- [Directions for this task]: All of the listing is to be written out word for word, with the pictures left out.

- [Data segment]:

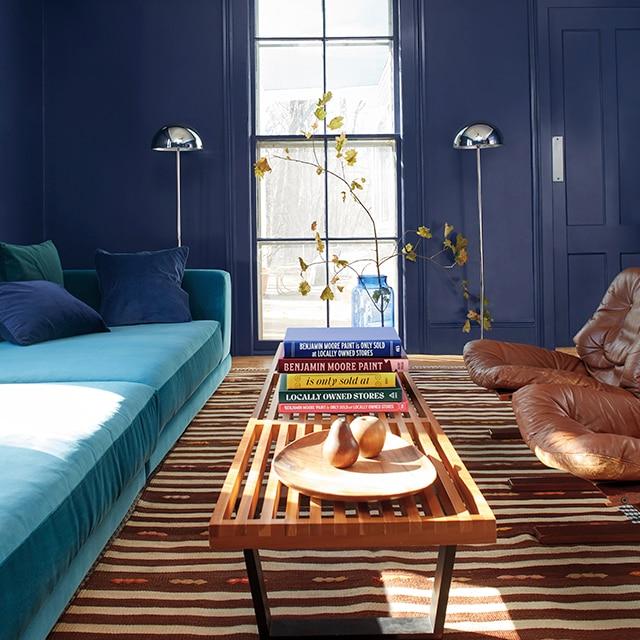 Use bold paint colors to set ⁣the tone in your ‌eclectic living​ room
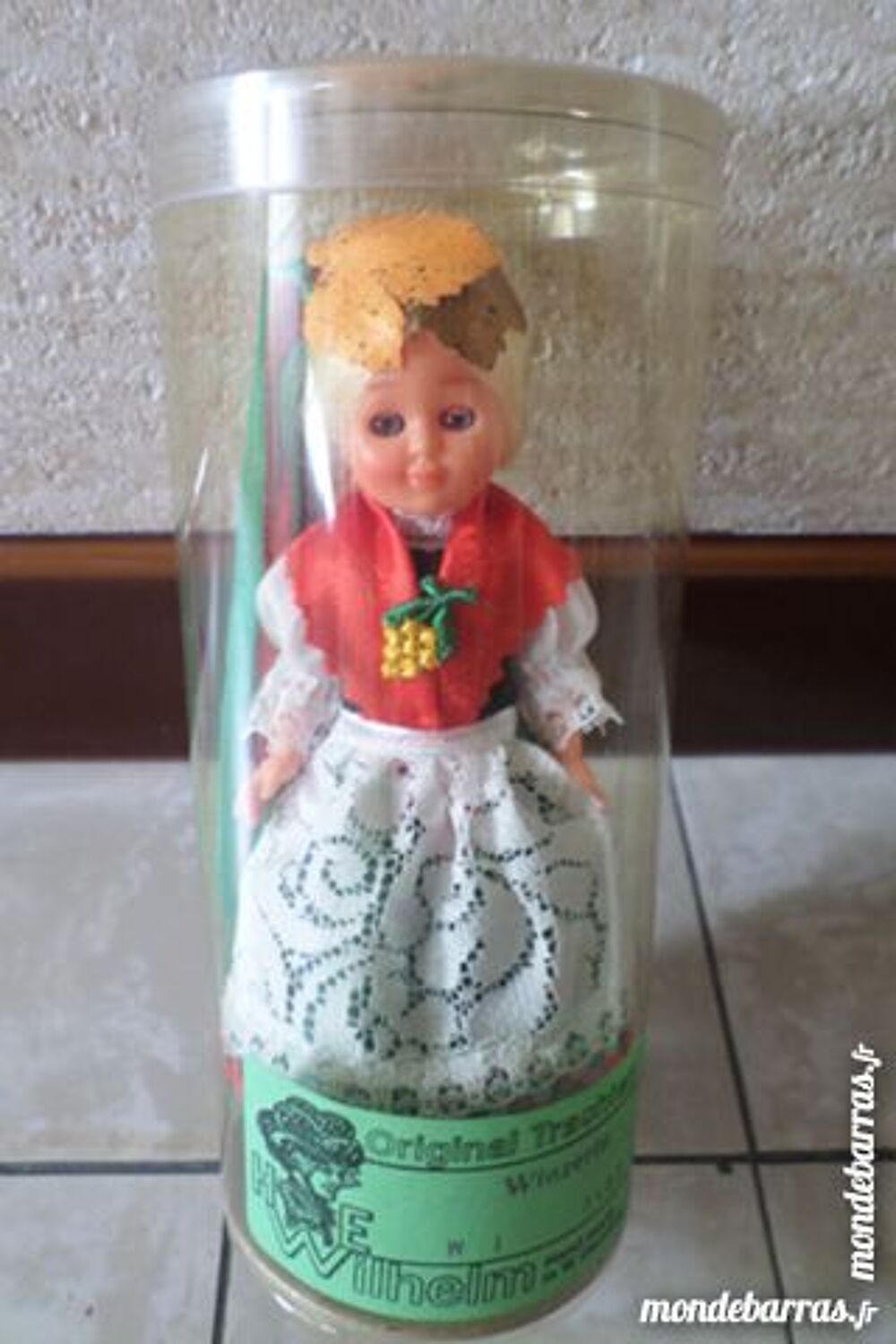 Poup&eacute;e de collection - Allemande 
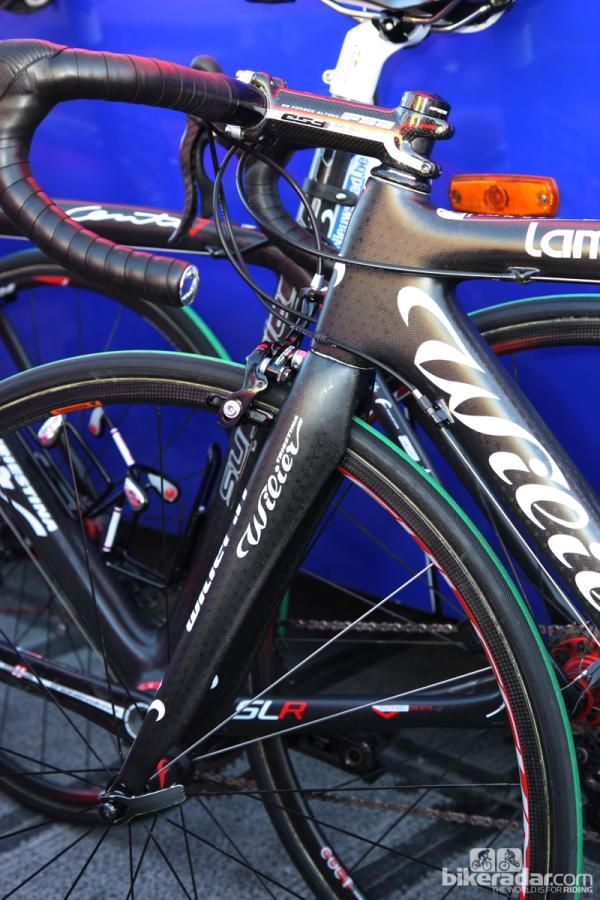 Wilier claims the round-to-square head tube and similarly squared-off fork crown shapes enhance steering precision on Lampre's Cento1 machines.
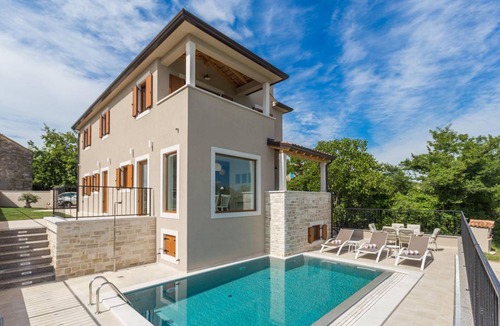 Baredine House | 140 m² House ∙ 3 bedrooms ∙ 6 guests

- [Result]:
 Use bold paint colors to set ⁣the tone in your ‌eclectic living​ room
 Poup&eacute;e de collection - Allemande 
 Wilier claims the round-to-square head tube and similarly squared-off fork crown shapes enhance steering precision on Lampre's Cento1 machines.
 Baredine House | 140 m² House ∙ 3 bedrooms ∙ 6 guests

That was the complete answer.